Designing Data Intensive Applications: Ch3. Storage and Retrieval

In the previous article of this series, we discussed the first part of chapter 3 in Data Intensive Applications which discussed storage and retrieval. We discussed many storage related topics, mainly data structures used for storage in data stores, such as LSM-trees, B-trees, hash indexes, etc.

In this article, we will discuss another type of data stores which is Column-Oriented Storage which leads a different paradigm when it comes to storing data to serve a different use case than normal row or document based data stores.

I recommend checking out this article in which I detail how we use a columnar database called ClickHouse to store 3 billion data rows every day at Instabug.

What is Columnar Storage?

Let's first start by a quick recap of how row-based storage is organized. In a row based database, data is laid out on disk as rows, for example, if you have a table that the columns (id, token, created_at), the values for those 3 columns are all stored together in a sequence of bytes representing this row. Note that as we discussed earlier, that in many cases as database administrator, you will be optimizing for common query patterns, mainly by creating secondary indexes on subset of the columns which are essentially just a sorting order of those columns that points to where the data is in the primary index or on disk (depending on the storage engine used).

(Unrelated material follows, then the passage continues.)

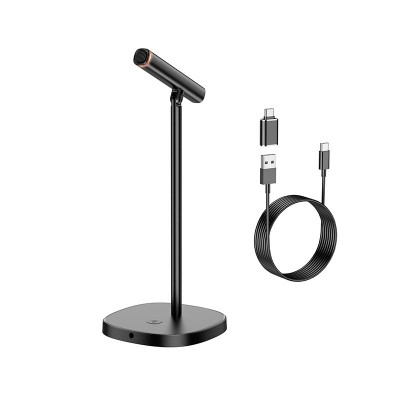 Мікрофон HOCO Mike USB desktop microphone L16 |Type-C/AUX 3.5mm|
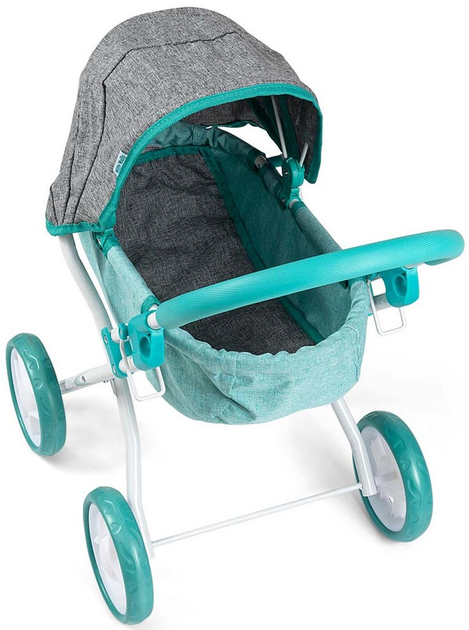 Wózek dla lalek Milly Mally Dori Prestige mint zielony (5901761125580) - obraz 6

In row oriented databases, queries like:

SELECT * FROM tbl;

Just fetch all rows which are stored together which is quite efficient. Row based databases are commonly known as OLTP databases (online transaction processing).

But there exists other use cases, mainly analytics where you would query your database to calculate an aggregate or to generate an analytical report which might only need to use just a few columns which in a row based database will lead to reading the entire row then returning/operating on the specified set of columns.

On the other hand, columnar databases don’t store all the values from one row together, but store all the values from each column together instead. If each column is stored in a separate file, a query only needs to read and parse those columns that are used in that query, which can save a lot of work.

The previous diagram illustrates this principle, as we can see the values of each column are all stored together in separate files as opposed to the entire row being stored together. For this to work, values of all columns have to be sorted in the same order, so the \(n_th\) value of some column \(col_1\) and the \(n_th\) value of some other column \(col_2\) belong together in the same row. This basically how column oriented oriented databases are able to reconstruct a row if needed (like for example to serve a point query).

Column Compression

As explained in the previous section, organizing data in a columnar fashion helped in not having to read/parse the entire row only to operate on a small subset of columns which is a good save specially that most OLAP databases have very wide tables (tables that have many columns).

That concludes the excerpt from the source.